In my “Recovery” blog (www.dc-injuryclinic.co.cuk/Recovery), I mentioned briefly “every bodies favourite part of Recovery – SLEEP!”. In this blog I will expand on the importance of sleep, particularly (but not solely) for the athlete, and talk a little about the physiology of what happens during our dormant state.
Athletes, coaches and therapists are becoming more aware that sleep deprivation can hinder athletic performance, but it is also a very real issue for non athletes, with some reporting that tiredness is as big an influence when driving as alcohol (ref 1).
A lack of ‘quality’ sleep has been show to influence:
- Pain perception
- The Immune system
- Inflammatory response
- Carbohydrate metabolism
- Protein synthesis
But what do we mean by ‘quality’ sleep?
It has been shown that when we sleep we go through 2 stages: rapid eye movement sleep (REM) and nonREM (NREM) sleep. REM sleep is characterized by – unsurprisingly – rapid eye movements and a low-amplitude EEG (electroencephalogram; recording of brain activity). This accounts for approximately 18–22% of total sleep time; this amount decreasing with age.
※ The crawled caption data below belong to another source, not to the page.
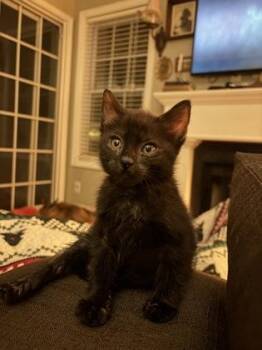 Pip red - ADOPTED -  Domestic Short Hair Cat for Adoption in Chamblee, Georgia - Pip Red - ADOPTED | PetCurious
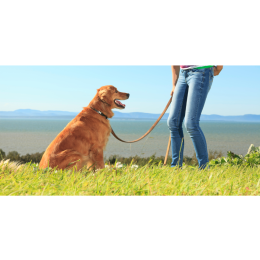 Jak nauczyć psa komendy daj głos?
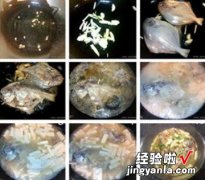 鲳鱼豆腐煲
NREM sleep – or Slow Wave Sleep (SWW) – is characterized by slow wave activity with a relatively high amplitude EEG reading, and is further divided into four stages of sleep; stage 1 considered “light sleep” and stages 3 and 4 considered “deep sleep”.
SWS is thought to play an important role in cerebral restoration and recovery in humans. It is the construction phase for ‘restoration’ of the mind-body system, effectively rebuilding itself after each day. Growth hormones are secreted to facilitate the healing of muscles as well as repairing damage to any tissues. Also, glial cells within the brain are restocked with sugars to provide energy for the brain. SWS is thought to be involved in the maintenance and consolidation of sleep (3), meaning the more sleep we have, the better sleepers we become…at least in theory. The opposite also being true, as I’m sure fellow parents of young children will attest to!
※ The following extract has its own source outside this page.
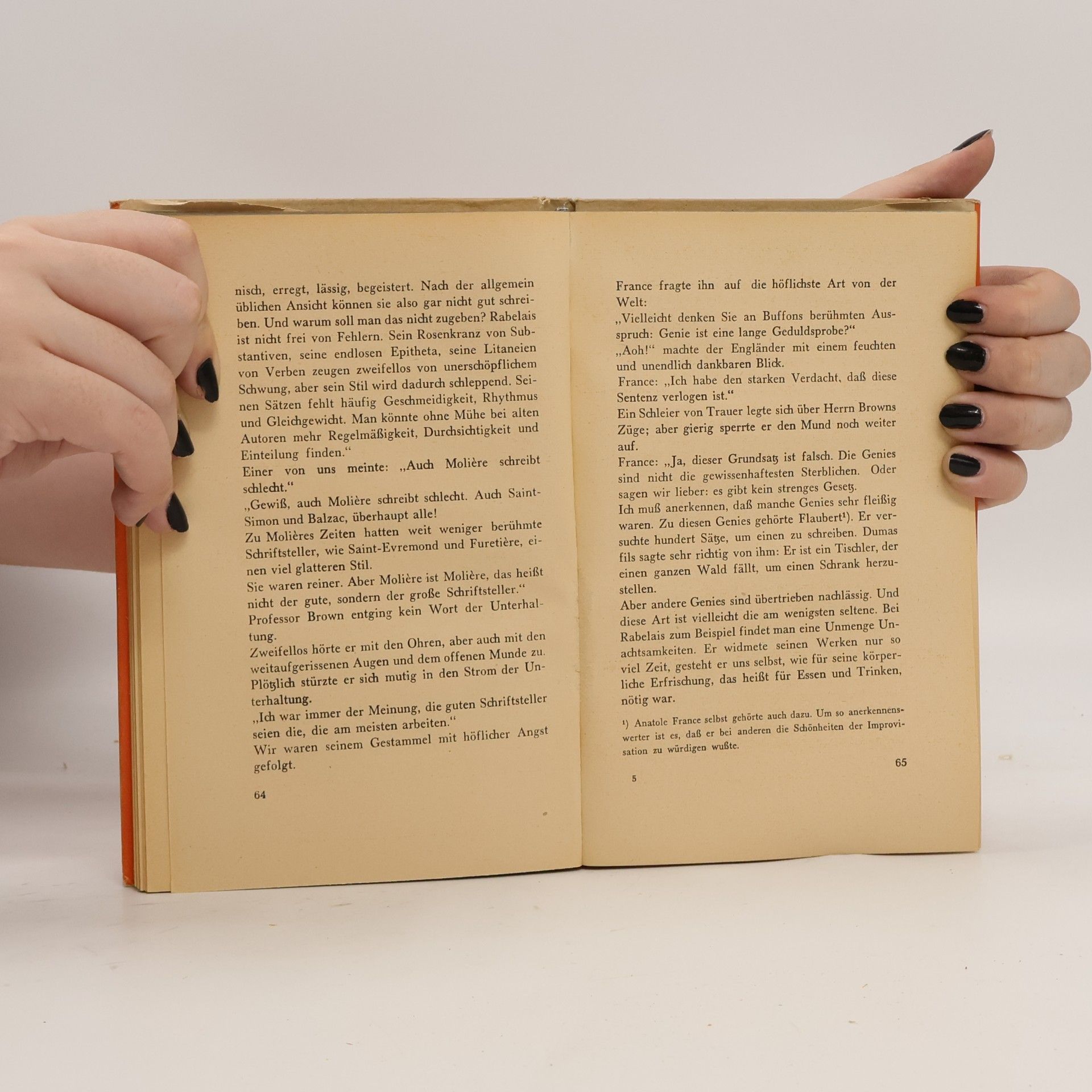 Anatole France Die Vormittage der Villa Said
Although there are no hard and fast rules as to how much sleep humans need, the general consensus seems to be that 7-9 hours is optimum for adults (18+ yo) (4). An interesting study was carried out amongst adolescents (ave. age 15 yo; famous for their sleeping ability!) that showed athletes who slept on average 8 hours or more per night, were 1.7 times less likely to have had an injury when compared to those that slept less than 8 hours per night (5).
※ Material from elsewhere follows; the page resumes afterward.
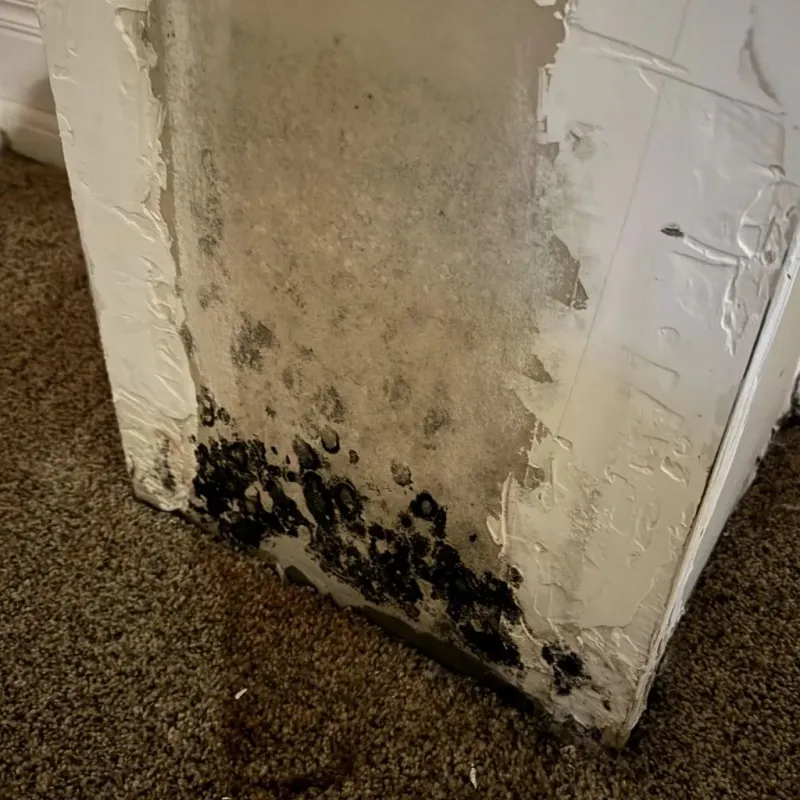 Professional Mold Removal in Richwood, WV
So what can we do to encourage good quality sleep? Below is a useful info-graphic by sports scientist Yann Le Meur (@YLMSportScience).
‘Sleep Coach’ Nick Littlehales also has an excellent website – sportsleepcoach.com. On his blog ‘THE IMPORTANCE OF SLEEP IN SPORTS’, he says that “strategic napping can have a positive impact. Diet is also another factor that has a huge impact on our sleep. Foods high in carbohydrate such as white rice, pasta, bread, and potatoes have been found to promote better sleep by improving sleep-onset latency (how long it takes to fall asleep) and increasing levels of tryptophan [essential amino acid in humans, essentially building blocks for recovery. DC] in the brain. Foods containing large amounts of tryptophan such as seaweed, soy protein, spinach, and pork have been linked with being a sleep inducer.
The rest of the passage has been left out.